Joe Brainard: 100 Works

Tibor de Nagy (NYC)

April 20 - May 26, 2019 


“I remember ‘hard’ Christmas candy. Especially the ones with flower designs. I remember not liking the ones with jelly in the middle very much.” —Joe Brainard, from The Collected Writings (2012)

Joe Brainard spoke the language of flowers. Both in his text and paintings, he is the fleurs du fleurs to Baudelaire’s fleurs du mal. At Tibor de Nagy, the experience of the viewer is akin to that of the Deleuzian wasp hopping giddily between Brainard’s orchids (100 of them here!) that enact certain physical and sensory qualities of female wasps in order to attract the pollinator.
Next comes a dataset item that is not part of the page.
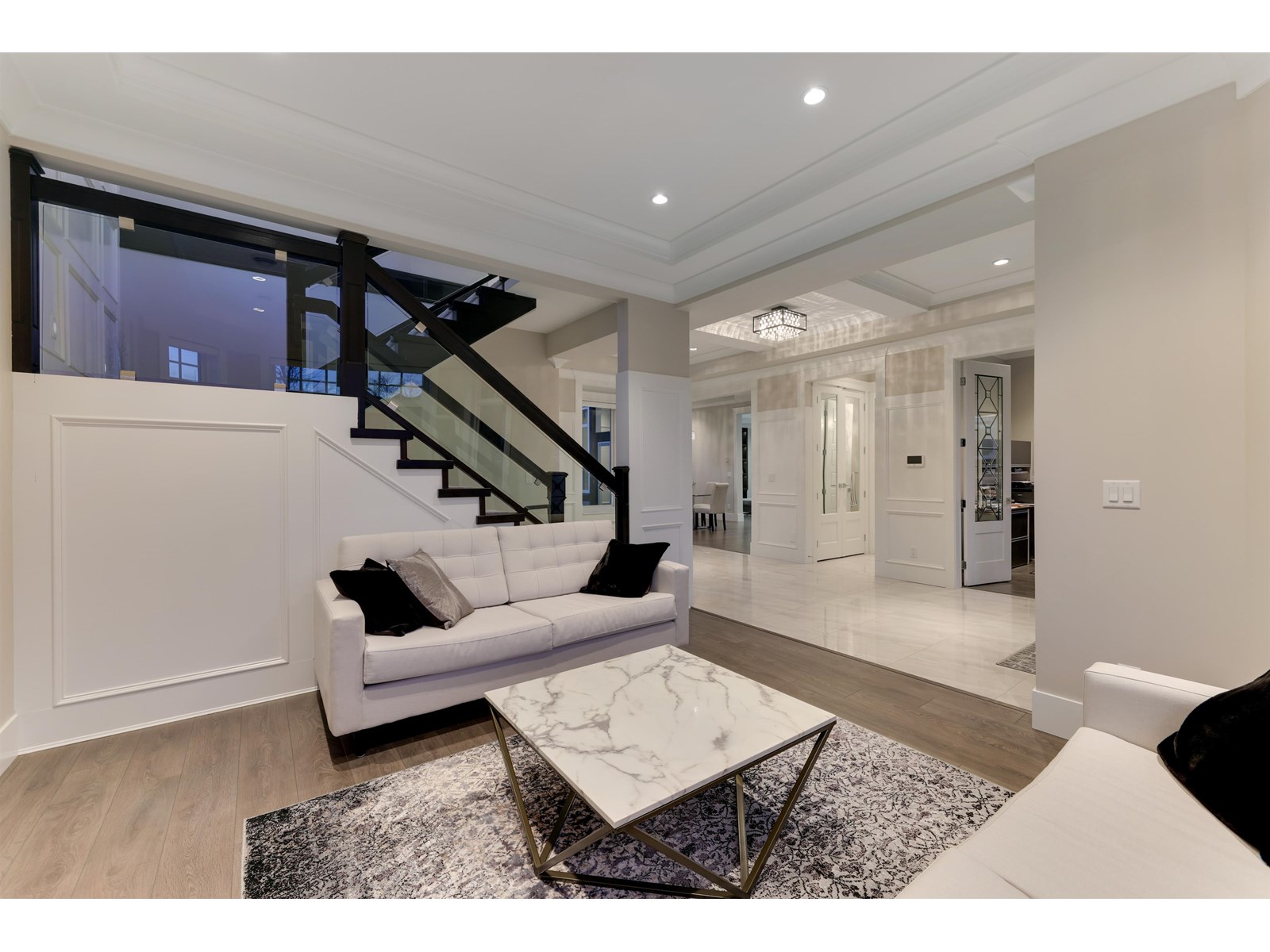 Photo 4 of 15661 76 A Avenue, Surrey BC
The wasp is becoming-orchid and the orchid is becoming-wasp through this drag-play. As observers baited by Brainard’s art, we are becoming, too, gentler, floral, and more multiform.

Joe Brainard, Untitled (Toothbrushes), 1973-74. Oil on canvas, 12 x 9 inches.
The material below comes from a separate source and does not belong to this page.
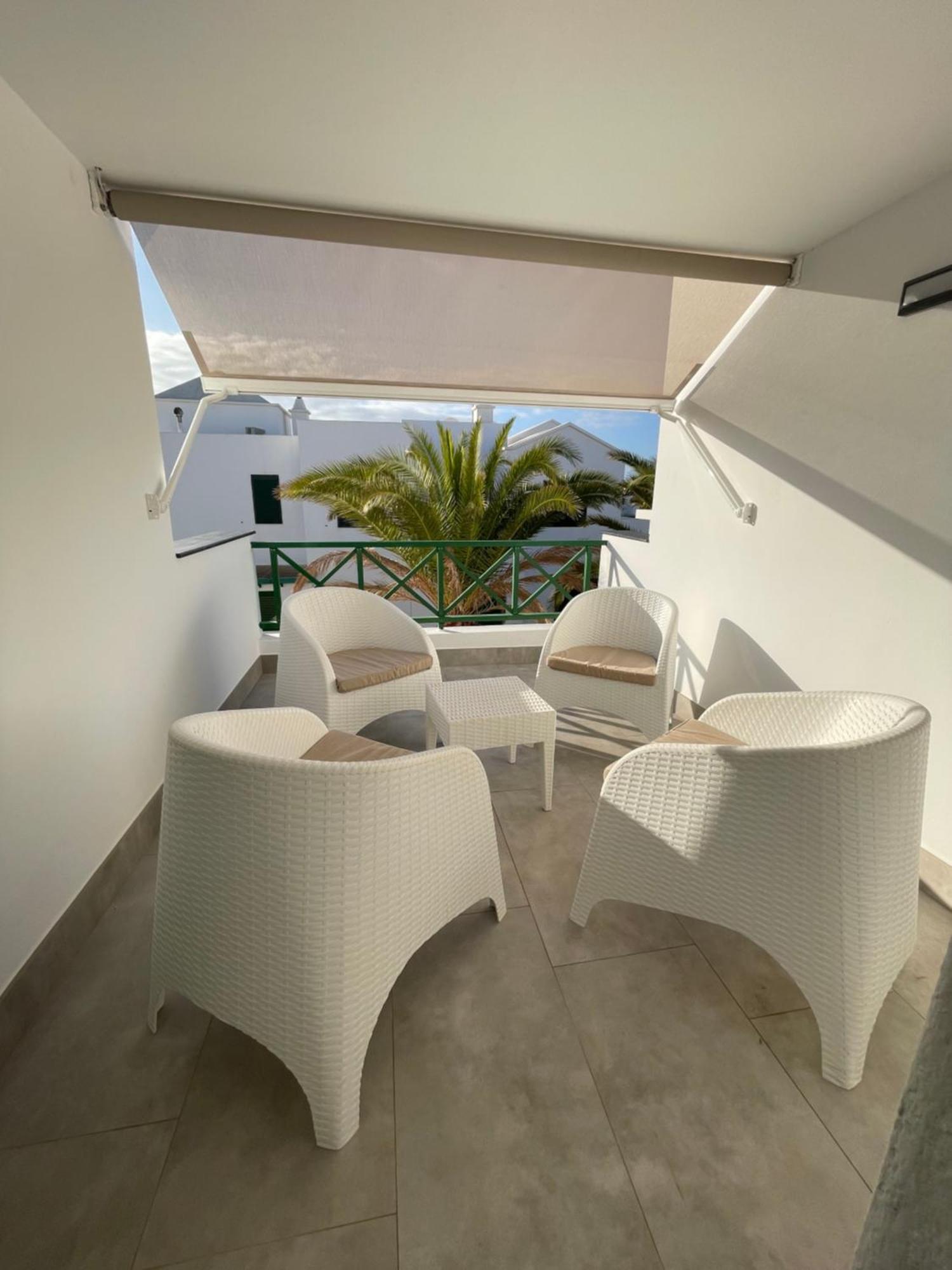 Izaro Apartamento Atico De Lujo Cerca De Playa Dorada Playa Blanca  Exterior photo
An artist associated with the New York school, Joe Brainard’s work skirts Warholian Pop and the low-key yet numinal poetics of his contemporaries: Frank O’Hara, James Schuyler, and John Ashbery among them. His particular tinkering with found material in collages and shadowboxes airs a wink unique to Brainard; the numerous repetitions (cigarette butts, whippets, toy animals, pansies, sweets, saints, Ernie Bushmiller’s Nancy comic character) are of a decadence made otherworldly by assemblage. At times, one senses a flirtation with the subjects. 

Joe Brainard, Untitled (Puppy), 1972. Mixed media and gouache on paper, 13 1/2 x 10 1/2 inches.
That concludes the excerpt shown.